The line with "Quinta com 38960 m2 em Odiáxere - Image 17", the line with "PCLP(PERCLIPS) 灰色假两件双层短裤 五分裤毛边宽松抽绳高街 商品图3", and all lines between them in the material below: return these exactly, and no others.

Available records >>
========

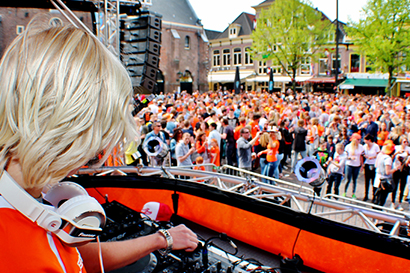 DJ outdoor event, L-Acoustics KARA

========

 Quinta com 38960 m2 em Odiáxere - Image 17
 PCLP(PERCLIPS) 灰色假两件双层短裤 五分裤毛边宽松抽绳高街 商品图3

========

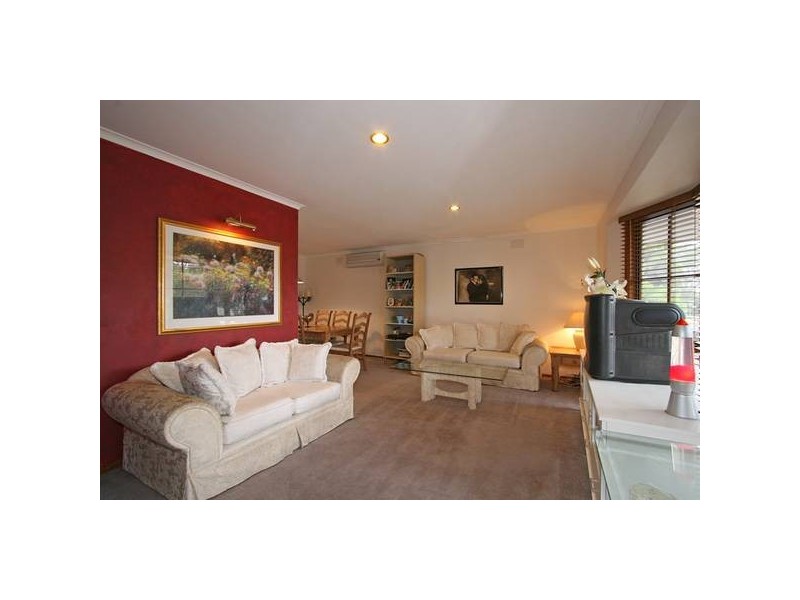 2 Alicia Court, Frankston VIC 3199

========

Task result >>
 Quinta com 38960 m2 em Odiáxere - Image 17
 PCLP(PERCLIPS) 灰色假两件双层短裤 五分裤毛边宽松抽绳高街 商品图3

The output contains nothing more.